We initially dropped off the backside of Douglas, onto a south-facing slope and checked things out. Everywhere we checked we found the same thing. There is a crust between 80 -90 cm deep, with nothing but loose, unconsolidated snow on top. We didn't find any evidence of slab formation or activity. On to the next test zone.
We made our way down to the Landing, and from there over to McKenzie Butte itself, our main objective for the day. The thing that's nice about the Butte, is that it's small enough to allow us to check out various orientations without covering nearly as much ground as would be required in some other areas. Once again, we found the same crust at a nearly identical depth, everywhere we looked.

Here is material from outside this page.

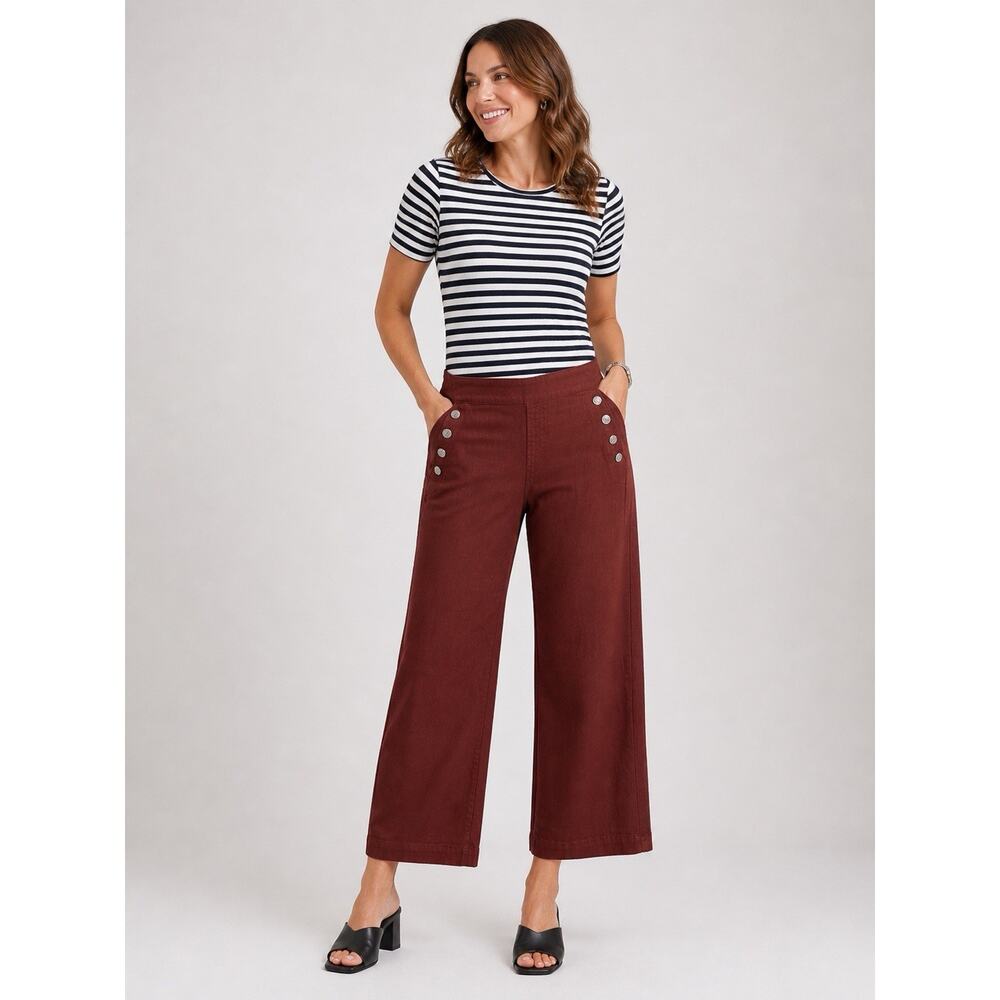 Chicos Pull On Wide Leg Ankle Jeans Sable Brown Sailor Button 2 US 12 Petite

Naturally, we jumped and stomped on every appropriate test slope we could find, expecting to get some of this new snow to move around. It's stubborn. You can see in some of the photos that we were able to get some small "blocks" to break loose. First, they're not as block-like as the photos might appear, and are actually much more loose. We were only able to get those to move on small slopes that are over 40 degrees. Essentially the lips of large treewells, and other extremely steep micro-terrain features. A person would be hard-pressed to get this to actually slide, short of trying their hardest as we were. Way up high, in more wind-affected terrain, this may be a bit of a different story.
As we made our way from the top of McKenzie Butte back towards the Ski Park, the day was definitely heating up. Even in just the few minutes it took us to ski down, the snow quality had changed to noticeably more heavy. In areas exposed to a lot of solar radiation, I would expect the snowpack to settle a fair amount and start to consolidate.